AOL's latest plans come after a rough year. The unit has labored to hit unrealistically high revenue targets set by its parent company, crafting some advertising and commerce deals that are now the subject of investigations by the Securities and Exchange Commission and the Justice Department. Sources inside the company say the pressure to make numbers has hurt morale and left employees with a lack of direction, as the "synergy" that was supposed to come from blending the online culture with Time Warner's magazines, music and movies failed to materialize. The stock of AOL Time Warner, the parent company, has dropped 55 percent this year.
Now, with the early-August appointment of media veteran Jonathan Miller to run AOL, there's a feeling among employees that the fever has broken: They're still a little wobbly, but the hope is that the worst is behind them.
AOL believes its opportunity to win back the public comes with version 8.0.
AOL regularly releases new versions of the software used to access its service. Typically, they include minor improvements. Version 7.0, released last year, was considered a yawner by the industry and, in retrospect, misguided by some AOL executives.
"The last two (versions) of our product have been incremental improvements," Leonsis said. "But they were more about commerce and content partners. You start to feel like you've lost your North Star a little bit. They were more for advertisers" than for subscribers.
Version 8.0 will include a number of new features, including automatic redial for when people are cut off from their dial-up connections. An inability to connect with the service or being cut off while on AOL is the No. 1 reason for subscriber cancellations, Leonsis said.
There's a new mantra on the Dulles campus these days: Yes, things have been bad. Yes, we sold our soul to advertisers. But now we realize it. Wait until you see 8.0. Wait until we get all those subscribers onto Comcast's high-speed Internet network.
A year ago, Leonsis was unhappy in his work. America Online employee No. 66, he'd been there since 1994. Now, as vice chairman, he felt the company had slipped off track, becoming too obsessed with advertising deals at the expense of its 34 million subscribers.
Leonsis had just seen a movie called "Space Cowboys" in which geriatric astronauts are called back to NASA to man a space shuttle mission. Leonsis went to Steve Case, AOL Time Warner's chairman and the founder of AOL, and said: "We need some space cowboys back here. Because we not only flew the rocket, we built it. And when you build the rocket, you have an intrinsic understanding of what makes it work."

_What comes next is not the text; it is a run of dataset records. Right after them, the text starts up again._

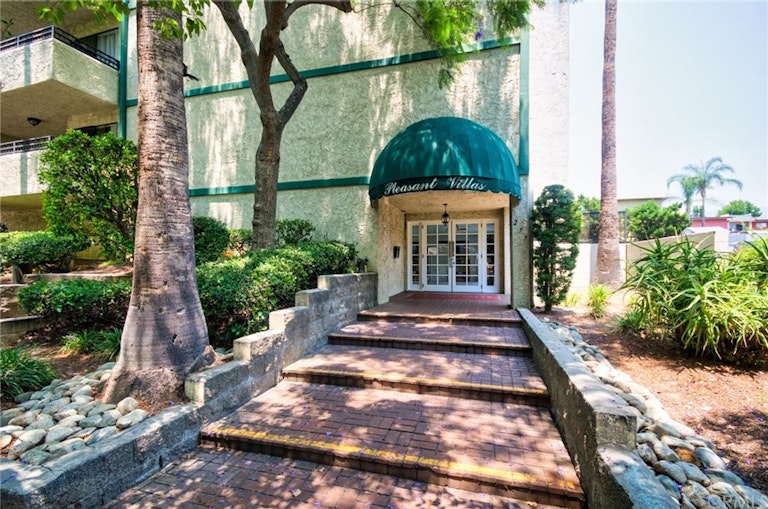 Photo 42 of 51 - 277 Pleasant St #209, Pasadena, CA 91101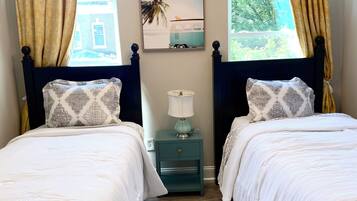 5 bedrooms, iron/ironing board, WiFi, bed sheets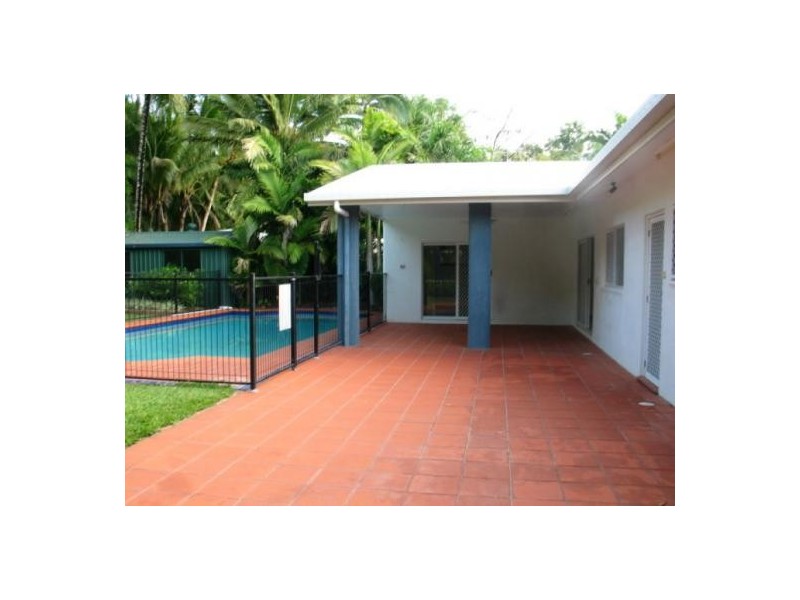 9 St Crispin Street, Clifton Beach QLD 4879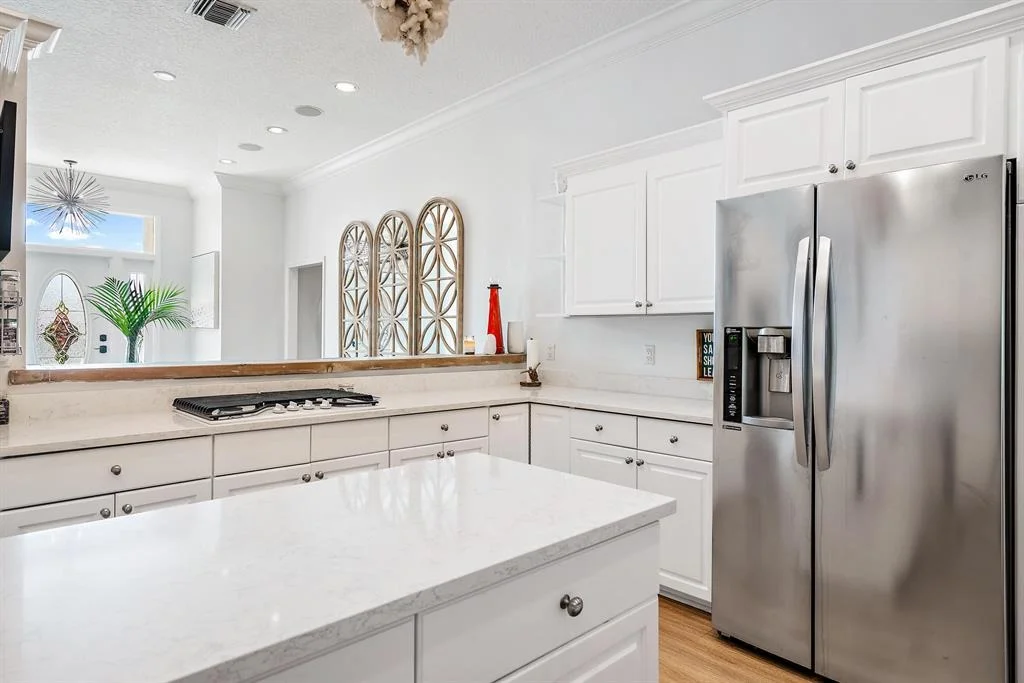 Photo of 18586 Lakeside Gardens Drive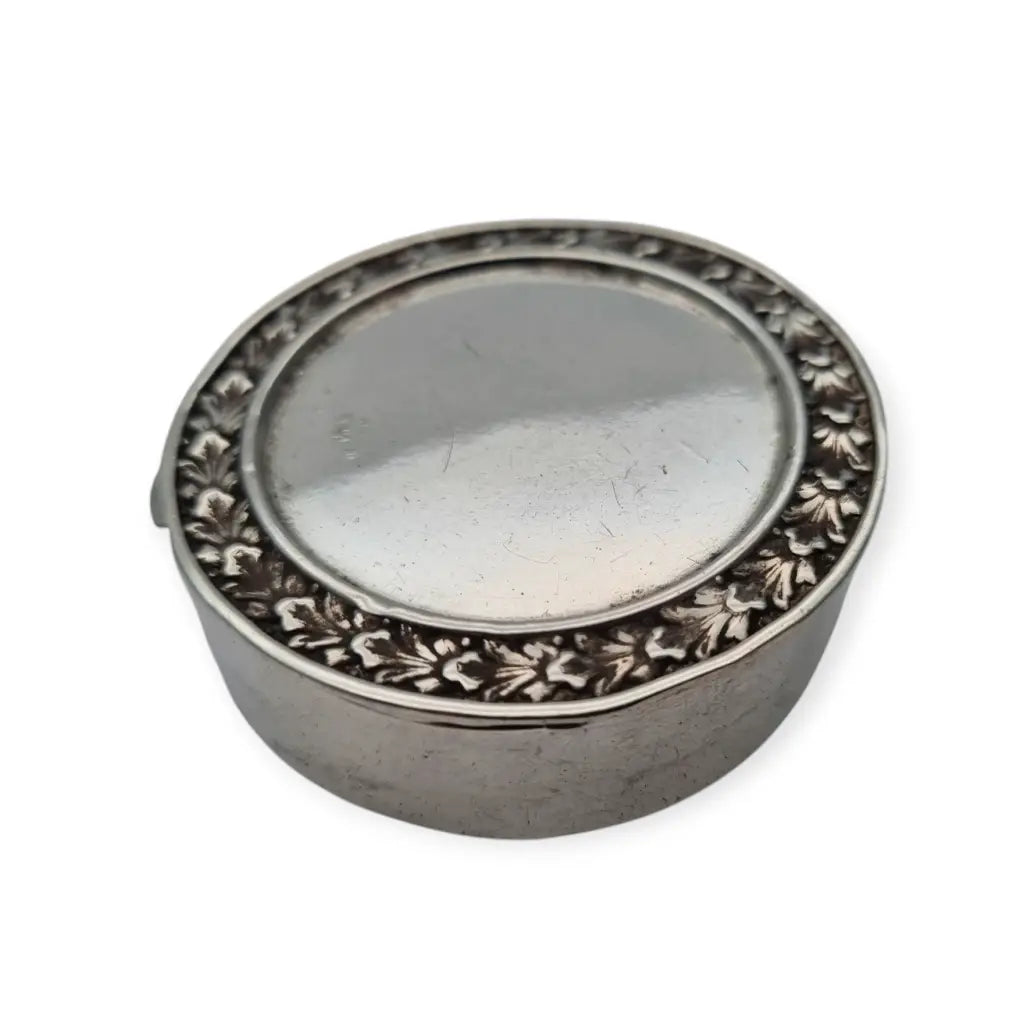 Caja Redonda Antigua de Plata 925 con Decoración Floral. - LaBizarreSusu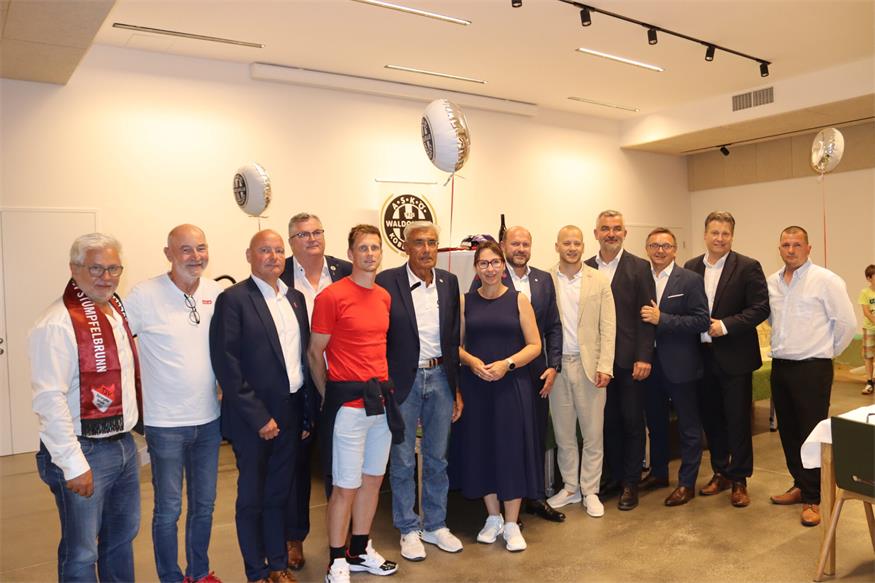 Markus Guckenhan, 1. Vorsitzender des TSV Strümpfelbrunn, ASKÖ-Vizepräsident Peter Heger, Bürgermeister Andreas Tremmel, Obmann Romanus Fennes, Michael Mörz vom MSV 2020, Ligaobmann Josef Pekovics, Vizebürgermeisterin Natascha Thurner, Johannes Wutzlhofer, Präsident des Burgenländischen Fußballverbandesverbandes, ASKÖ-Präsident Nationalrat Maximilian Köllner, Landesrat Heinrich Dorner, ASKÖ Waldquelle Kobersdorf-Präsident Dietmar Reiner, Austria Wien-Finanzvorstand Harald Zagiczekund Mauro Abdihodzic vom MSV 2020. 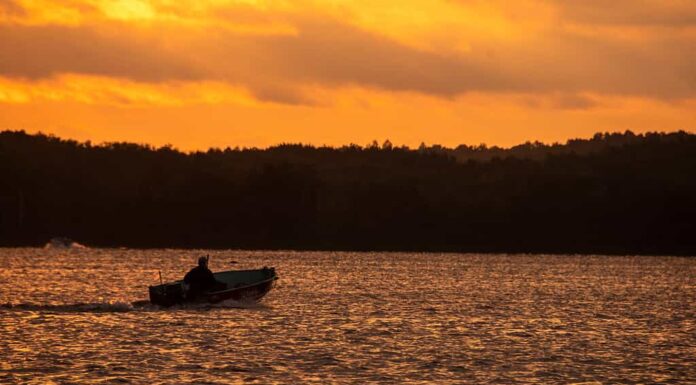 Una barca da pesca che torna a casa dopo una buona cattura sul lago Nelson a Hayward, WI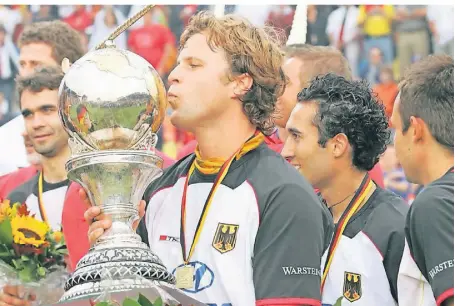  ?? ARCHIVFOTO: QUEDNAU ?? Der Höhepunkt in der langen Karriere von Sebastian Draguhn, Hockeyspie­ler vom HTC SW Neuss, war der WM-Sieg mit Deutschlan­d 2006 in Mönchengla­dbach.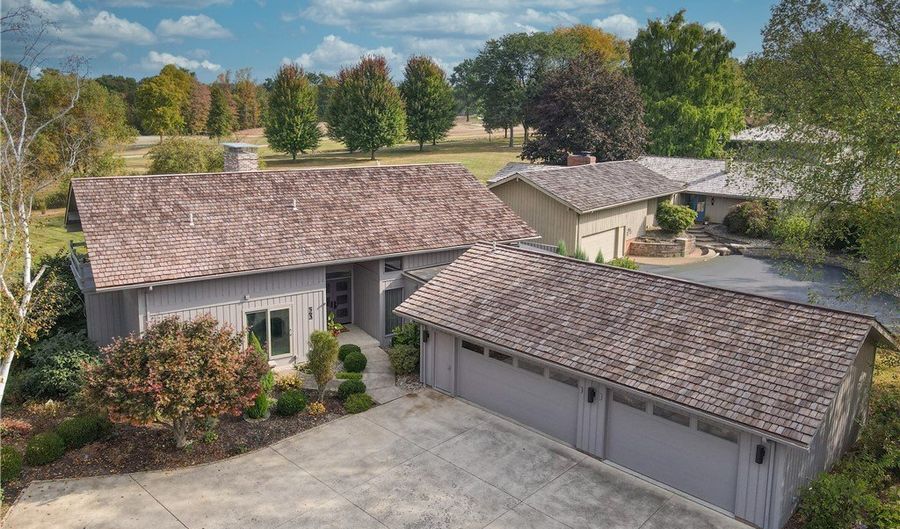 563 E Acadia Pt, Aurora, OH 44202 - 5 Beds, 4 Bath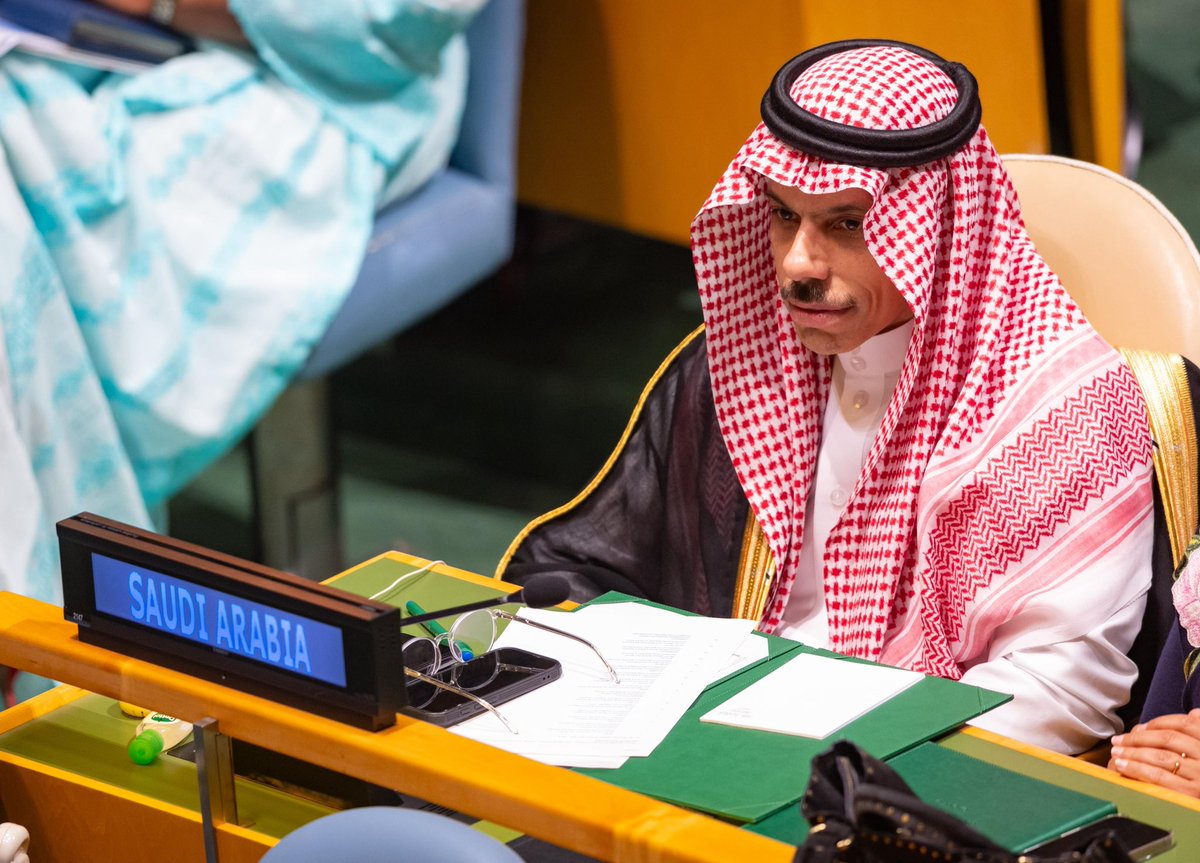 KSAmofaEN's tweet photo. #NewYork | Foreign Minister HH Prince @FaisalbinFarhan heads the Kingdom’s delegation at the opening of the General Debate of the 80th session of the UN General Assembly.

#UNGA80 https://t.co/yxDy12O8vK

Case told Leonsis he was not happy with the way things were going, either.
Leonsis' unhappiness may have been caused in part by proximity. His small office at AOL's Dulles headquarters is next door to the office of David Colburn, former head of the company's business affairs unit, whose unorthodox advertising deals spurred the federal probes. Colburn was forced out earlier this month and his office is closed.
America Online cannot afford for 8.0 to be a yawner. The company says it signed up 500,000 new subscribers in the past quarter, but that's down from the 1.3 million new subscribers it signed up in the second quarter of last year.
James de Castro a radio-industry veteran hired in April to run AOL's Interactive Services and put some sizzle back in the product says revenue will come, but in different ways than in the past.
De Castro is creating formatted radio stations for versions beyond AOL 8.0, such as an oldies station that subscribers could listen to while using AOL. Thanks to the company's substantial subscriber base which exceeds by 20 million the audience reached by a nationally syndicated radio star such as Rush Limbaugh de Castro said he believes he can sell a minimum of ads on the radio stations and still reap sizable profits. Selling only four ads per hour on one station, he said, projects to $131 million in annual revenue.